Thereafter, as the hood is closed from the position illustrated in FIG. 3 to the position illustrated in FIG. 4, a further torsional displacement will occur within the elastomer of the tube resulting in a greater resistance. With the hood in the closed position. It will be held by the hood latch as is well known to those practiced in the art. When the hood latch is released, the stored torsional energy within the elastomer will assist in returning the hood to the open position illustrated in FIG. 3.

In order to assure that the hood will be maintained in the hood open position, the curved portion 36 of the hinge strap 35 may have an outer diameter projection or projections 45 formed thereon having relatively sloping cam faces 46 extending outwardly from the normal outer diameter 47 of the portion 36 to an apex 49. A cam projection 50 attached to the bight 15 of the bracket member extends inwardly towards the portion 36 of the hinge strap a sufficient distance such that it forms an abutment for the cam faces 46 of the projection 45. The cam 50 and the projection 46 are spaced with respect to one another such that during opening of the hood to a full open position illustrated in FIG. 3, the projection 46 must pass the cam 50 to the position illustrated. In order for the projection 46 to pass the cam 50, it must move radially inwardly towards the pivot bolt 24. Because the tube 30 is formed of somewhat compressible elastomer, the projection can move by compression of a portion of the tube 30. Of course, this compression will be resisted within the elastomer, thereby necessitating an additional force to be applied to the hood to move the projection 46 past the cam 50. Once past the cam 50, the forces compressing the elastomer will be released and the projection will underlie the cam 50 thereby aiding in maintaining the hood in an open position. In order to move the hood to a closed position, the projection 46 must once again pass the cam 50, thereby requiring a recompression of the rubber. This can only be obtained by providing an added closure force.

Thus, the interfering projection 46 and the cam 50 function as an overcenter stop member which aids in retaining the assembly in a full open position.

In those instances where it is desired to provide resistance to radial compression while maintaining the ability to undergo full torsional displacement, one or more intermediate non-compressible layers 53 may be provided within the elastomer. As illustrated in FIG. 4, these layers may be metal tubes or thin metal sheets bonded within the elastomer. Further, they may be concentric tubes, or in some embodiments, may be a spirally wound metal sheet bonded within the elastomer. Such intermediate relatively incompressible layers reduce radial compressibility of the unit without significantly adversely effecting the torsional displacement ability.

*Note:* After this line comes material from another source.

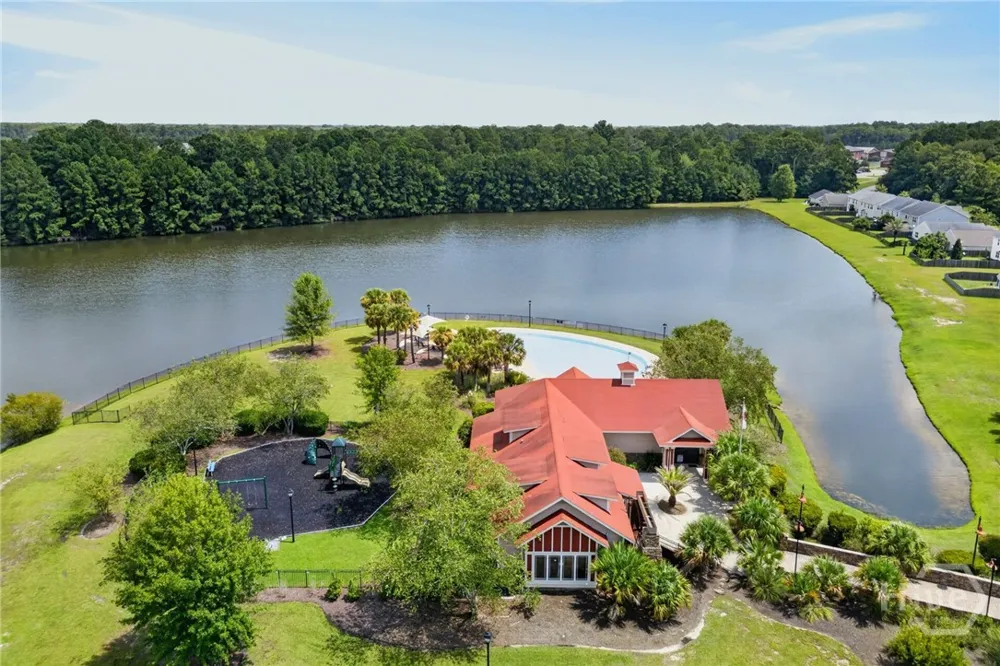 167 Lakepointe Drive Savannah, GA 31407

Further, in order to provide a secure mount of the hinge strap, the elastomer may be formed initially with an outer diameter metal sheath 54 to which the hinge strap can be applied and affixed by means such as braising, welding, cementing, clamping or the like.

It will therefore be seen from the above that my invention provides an elastomeric torsion spring assembly for vehicle hood hinges wherein the assembly includes a hinge strap having an end portion attached to the outer diameter of an elastomeric torsion ring or tube with the inner diameter of the torsion ring or tube attached to a cylindrical member which is carried by a bracket in a manner preventing relative rotation. The cylindrical member becomes a pivot around which the hood may be rotated and the hinge strap has a projecting arm for attachment of the hood. Further, I have shown an overcenter stop assembly which aids in maintaining the hinge in hood raised position requiring the application of extra force to begin closure of the hood.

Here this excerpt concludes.